### How to complete this task
Once you reach the line that holds "MiniModel webcam" in the listing below, output it and every line after it through the line that holds "Salix arctica Pall., Eastern", word for word.

### Stored data
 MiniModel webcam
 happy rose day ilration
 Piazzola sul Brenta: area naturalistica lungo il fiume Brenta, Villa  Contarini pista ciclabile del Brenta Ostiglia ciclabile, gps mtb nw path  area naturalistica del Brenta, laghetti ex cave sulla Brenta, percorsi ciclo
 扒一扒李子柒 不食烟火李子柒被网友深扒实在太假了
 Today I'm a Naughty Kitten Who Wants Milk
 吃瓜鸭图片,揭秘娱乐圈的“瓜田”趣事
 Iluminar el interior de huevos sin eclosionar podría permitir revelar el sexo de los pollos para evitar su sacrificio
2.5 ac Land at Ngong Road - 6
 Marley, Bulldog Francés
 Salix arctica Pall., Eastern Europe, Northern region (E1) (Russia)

* * *

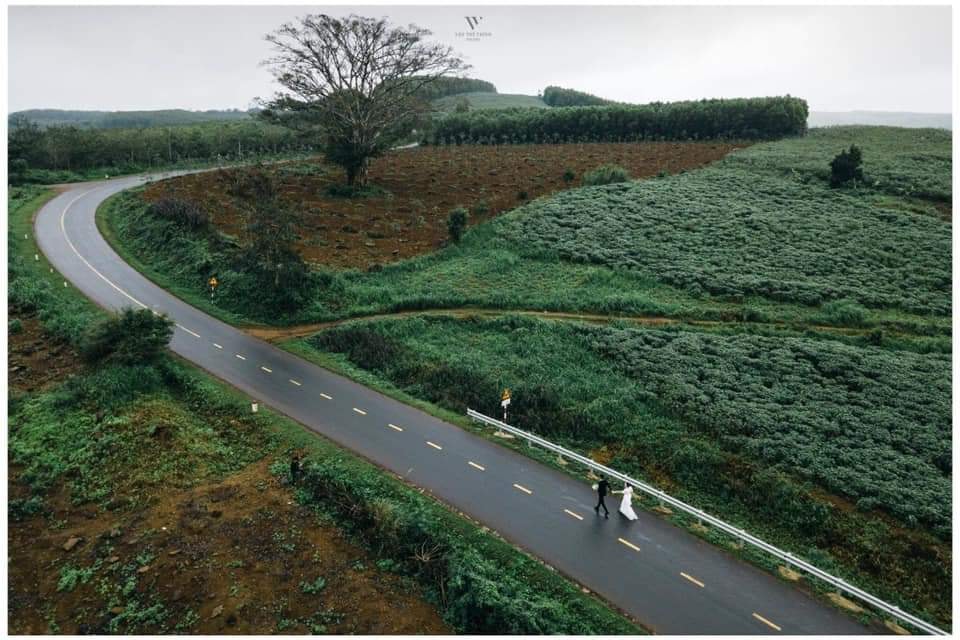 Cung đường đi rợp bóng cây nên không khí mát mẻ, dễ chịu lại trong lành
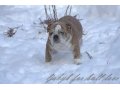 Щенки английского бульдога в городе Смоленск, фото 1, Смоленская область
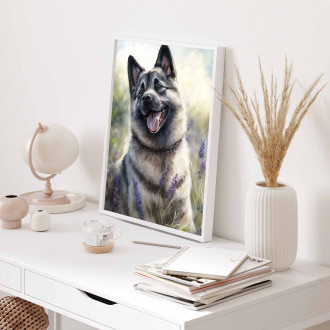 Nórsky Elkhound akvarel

### Task result
 MiniModel webcam
 happy rose day ilration
 Piazzola sul Brenta: area naturalistica lungo il fiume Brenta, Villa  Contarini pista ciclabile del Brenta Ostiglia ciclabile, gps mtb nw path  area naturalistica del Brenta, laghetti ex cave sulla Brenta, percorsi ciclo
 扒一扒李子柒 不食烟火李子柒被网友深扒实在太假了
 Today I'm a Naughty Kitten Who Wants Milk
 吃瓜鸭图片,揭秘娱乐圈的“瓜田”趣事
 Iluminar el interior de huevos sin eclosionar podría permitir revelar el sexo de los pollos para evitar su sacrificio
2.5 ac Land at Ngong Road - 6
 Marley, Bulldog Francés
 Salix arctica Pall., Eastern Europe, Northern region (E1) (Russia)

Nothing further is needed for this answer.